Fixing the UX for one-time tasks on Kubernetes
I wanted to run a container for a customer only once, but the UX just wasn't simple enough. So I created a new OSS utility with Go and the Kubernetes API.
A Deployment will usually restart, so will a Pod. You can set the "restartPolicy" to "Never", but it's still not a good fit for something that's meant to start - run and complete.
Why would you want to run a one-time job?
Here are a few ideas:
- Running kubectl within the cluster under a specific Service Account
- Checking
curl
works from within the cluster - Checking inter-pod DNS is working
- Cleaning up a DB index
- A network scan with nmap
- Tasks that you'd usually run on cron
- Dynamic DNS updates
- Generating a weekly feed / report / update / sync
- Running a container build with Kaniko
Another use-case may be where you're running bash, but need to execute something within the cluster and get results back before going further.
I'll show you what working with a Job looks like today and how we can make it better with a little Go code.
What a Job looks like
So I looked again at the Kubernetes Job, which is an API that I rarely see used. They look a bit like this:
apiVersion: batch/v1
kind: Job
metadata:
name: pi
spec:
suspend: true
parallelism: 1
completions: 5
template:
spec:
containers:
- name: pi
image: perl:5.34.0
command: ["perl", "-Mbignum=bpi", "-wle", "print bpi(2000)"]
restartPolicy: Always
backoffLimit: 4
Example from the Kubernetes docs
So the overall spec is similar to a Pod, but it's unfamiliar enough to cause syntax errors when composing these by hand.
What's more: a Job isn't something that you run, then get its logs and continue with your day.
You have to describe the job, to find a Pod that it created with a semi-random name, and then get the logs from that.

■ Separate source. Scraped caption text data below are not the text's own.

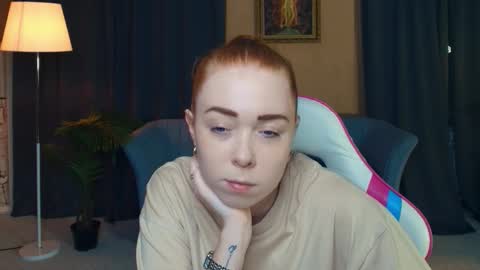 Nelli online show from December 2025 09:11:02 PM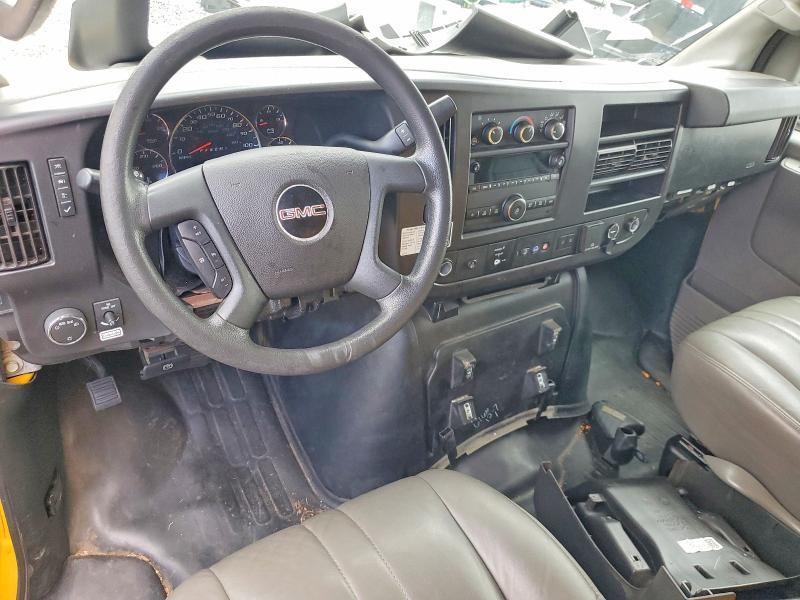 2021 GMC Savana BOX Truck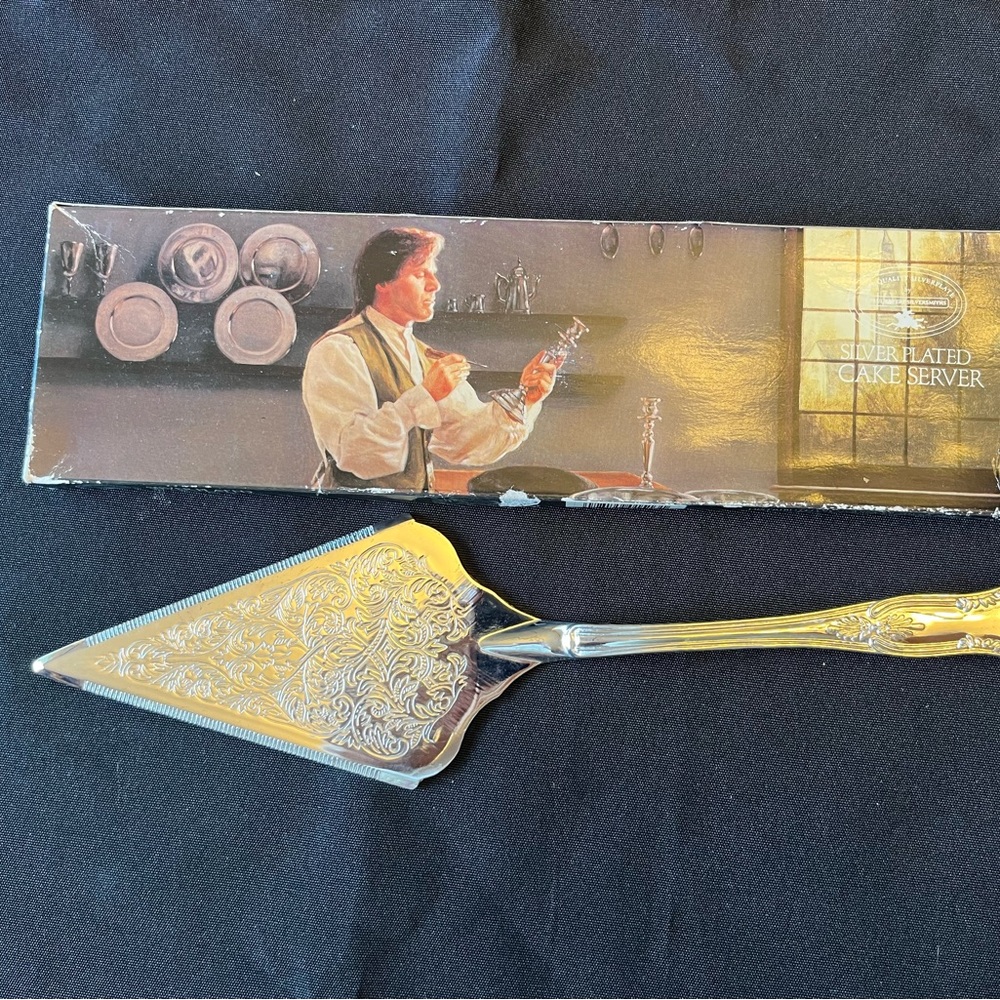 Vintage 1987 Godinger SilverPlated Cake/Pie Server - New/Unused - Box shows wear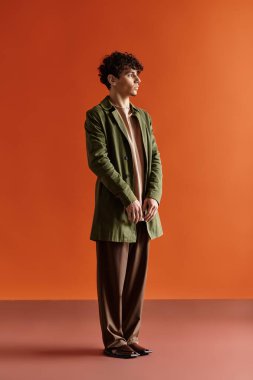 Genç adam sanatsal çevreye karşı modaya uygun bir kıyafetle gösteriş yapıyor..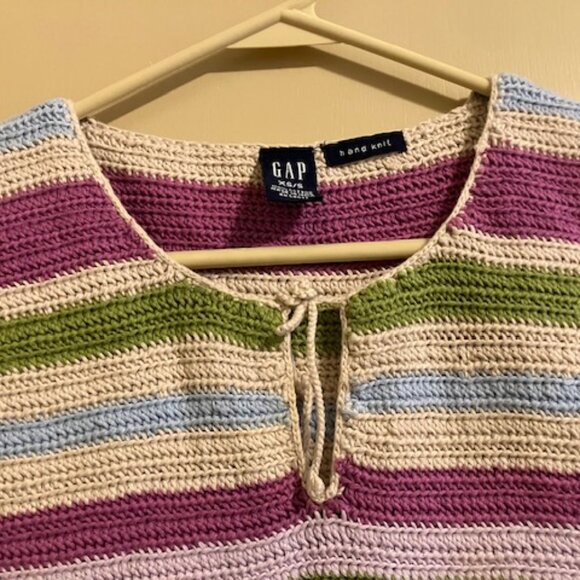 Colorblock Crochet Top with Strings - Picture 2 of 4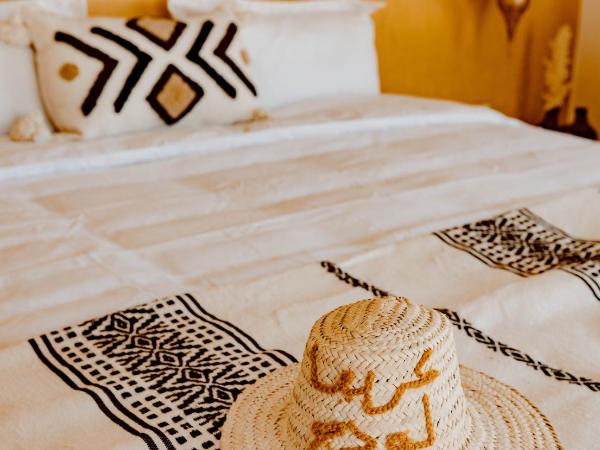 Aarabian lodge : photo 3 de la chambre chambre double deluxe avec baignoire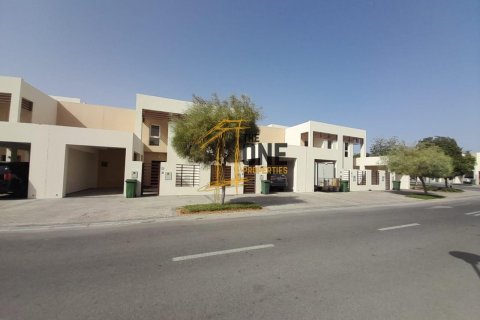 تاون هاوس للبيع في Mina Al Arab، رأس الخيمة، الإمارات العربية المتحدة 3 غرفة نوم ، 205.8 متر مربع ، رقم 588308 - صورة 1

kubectl describe jobs/myjob
Name: myjob
...
Events:
Type Reason Age From Message
---- ------ ---- ---- -------
Normal SuccessfulCreate 12m job-controller Created pod: myjob-hlrpl
Normal SuccessfulDelete 11m job-controller Deleted pod: myjob-hlrpl
Normal Suspended 11m job-controller Job suspended
Normal SuccessfulCreate 3s job-controller Created pod: myjob-jvb44
Normal Resumed 3s job-controller Job resumed
So you end up with something like this:
apiVersion: batch/v1
kind: Job
metadata:
name: checker
namespace: openfaas
spec:
completions: 1
parallelism: 1
template:
metadata:
name: checker
spec:
serviceAccount: openfaas-checker
containers:
- name: checker
image: ghcr.io/openfaas/config-checker:latest
imagePullPolicy: Always
restartPolicy: Never
And in my instance, I also wanted RBAC.
Then you'd:
- Apply the RBAC file
- Apply the Job
- Describe the Job
- Find the Pod name
- Get the Pod logs
- Delete the Job/Pod
#!/bin/bash
JOBUUID=$(kubectl get job -n openfaas $JOBNAME -o "jsonpath={.metadata.labels.controller-uid}")
PODNAME=$(kubectl get po -n openfaas -l controller-uid=$JOBUUID -o name)
kubectl logs -n openfaas $PODNAME > $(date '+%Y-%m-%d_%H_%M_%S').txt
kubectl delete -n openfaas $PODNAME
kubectl delete -f ./artifacts/job.yaml
Can we do better?
I think we can. And in a past life, all the way back in 2017, before Kubernetes won me over, I was using Docker Swarm.
I wrote a little tool called "jaas" and it turned out to be quite popular with people using it for one-time tasks that would run on Docker Swarm.
View the code: alexellis/jaas
I also remembered that Stefan Prodan who was a friend of mine and a past contributor to OpenFaaS had once had this itch and created something called kjob.
Stefan's not touched the code for three years, but his approach was to take a CronJob as a template, then to add in a few alterations. It's flexible because it means you can do just about anything you want with the spec, then you override one or two fields.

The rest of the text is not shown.